Analysis and verification of optimization of micro-perforated panels' sound absorption using the Taguchi method

This study investigated the sound absorption coefficient of micro-perforated panels with multiple design factors, using the Taguchi method for analysis and optimization. The panels, made using stereolithography technology for three-dimensional printing, had four key factors: perforation rate, hole diameter, panel thickness, and wave surface. Their absorption coefficients were measured using an impedance tube and analyzed in two directions: namely, the absorption coefficient across various frequency bands and the frequency corresponding to the maximum absorption coefficient. By utilizing the Taguchi method's orthogonal array, this study calculated the interaction and influence of these factors on sound absorption, completing the optimization and prediction of the experiment.
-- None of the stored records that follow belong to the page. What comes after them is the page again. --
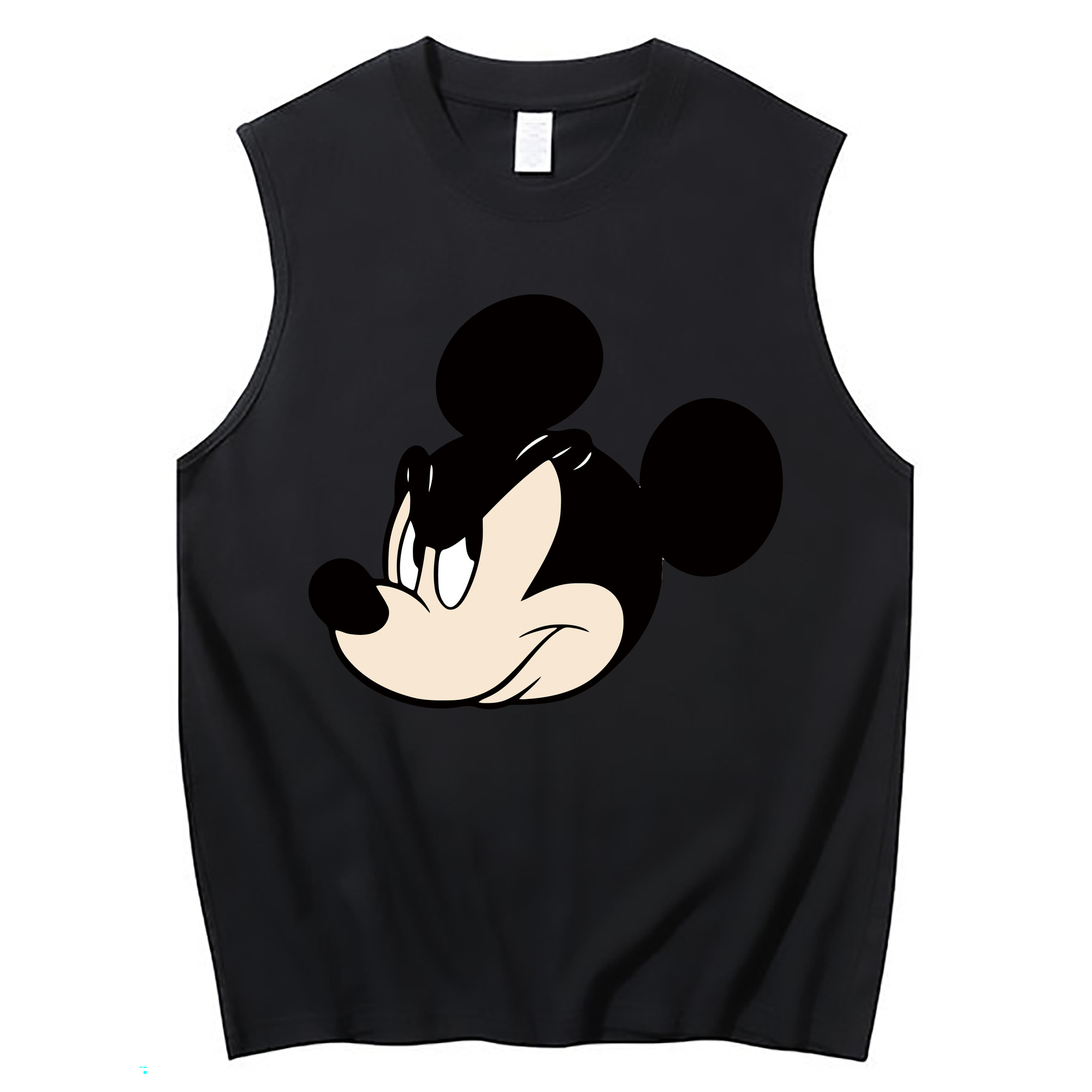 （画像用） ミッキーマウス Mickey Mouse コットン100％タンクトップ（フロントプリント）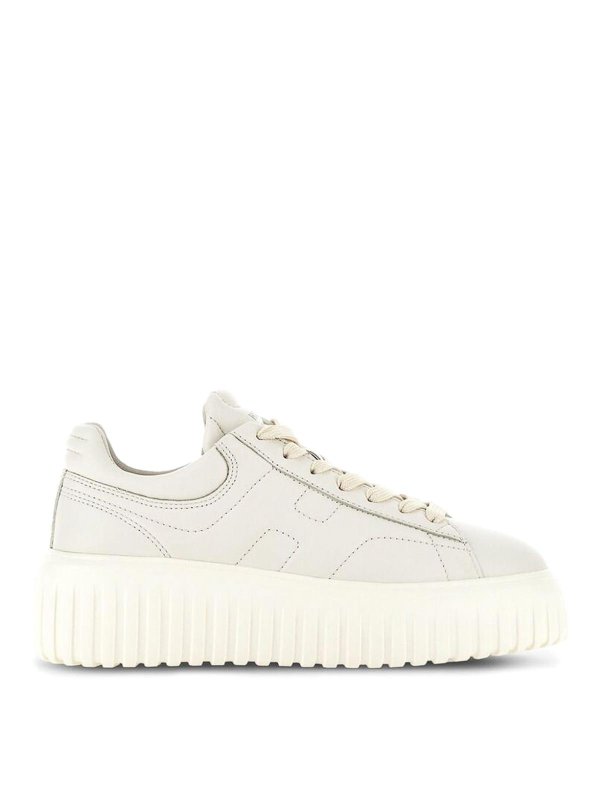 HOGAN: Chaussures de sport - Baskets - Blanc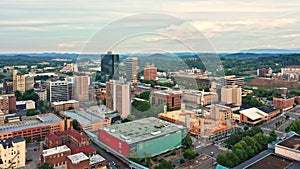 Aerial view of Knoxville, Tennessee skyline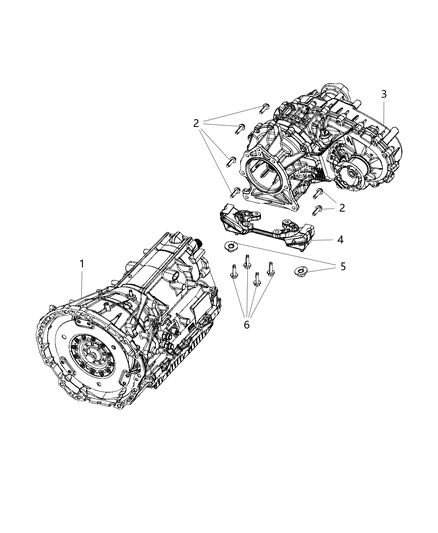 2020 Jeep Gladiator INSULATOR-Transmission Mount Diagram for 68328249AE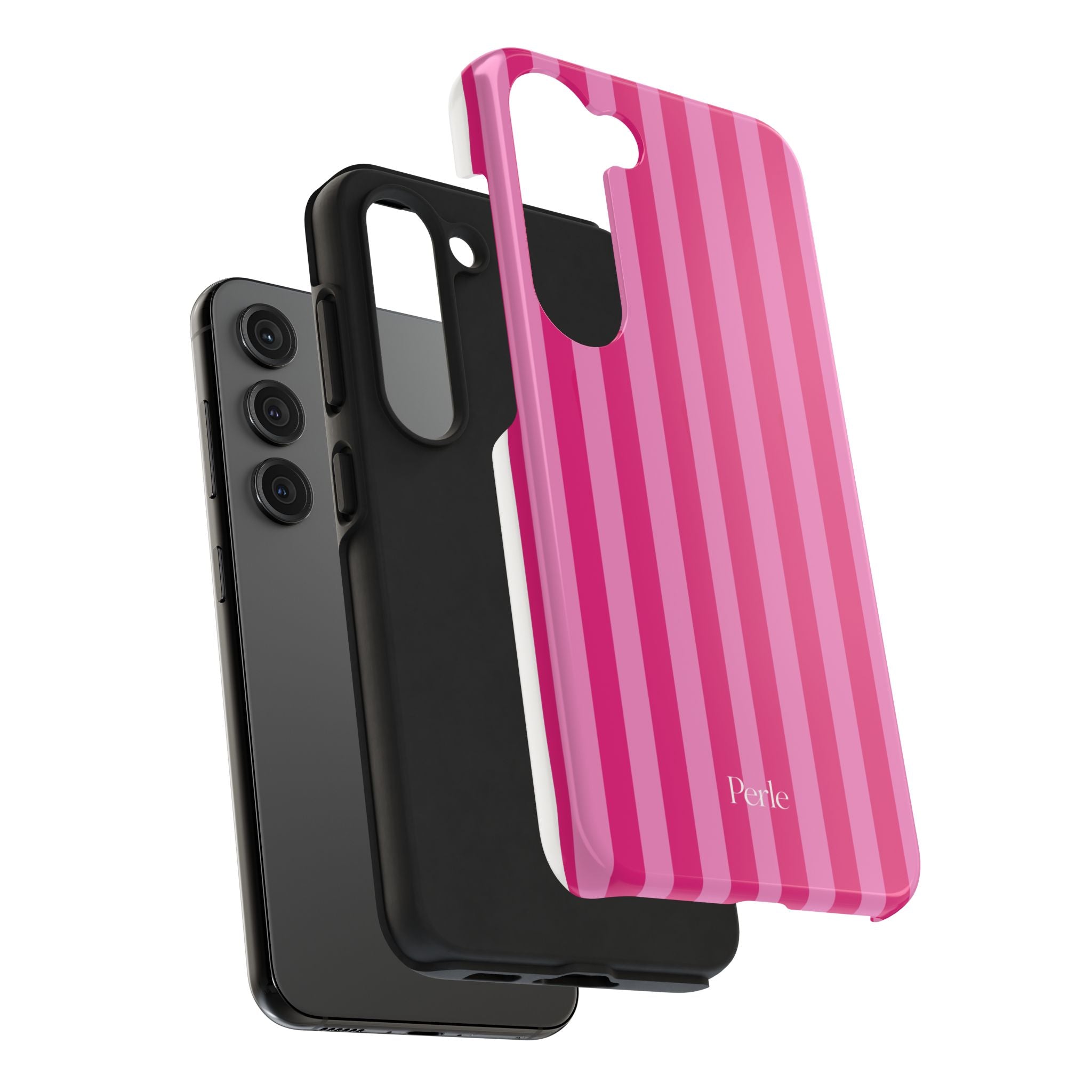 Bubblegum Striped Phone Case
Results showed that perforation rate and panel thickness significantly affected the absorption coefficient across all frequencies, while hole diameter mainly influenced low-frequency absorption. The wavy surface had a minor impact. The study optimized micro-perforated panels with the Taguchi method using less experimental data, and experimental verification was performed, which aligned with the prediction results. This study demonstrated that optimizing micro-perforated panels with the Taguchi method is efficient and accurately identifies the optimal combination, allowing predictions of absorption for the noises in different frequency bands or specific frequencies.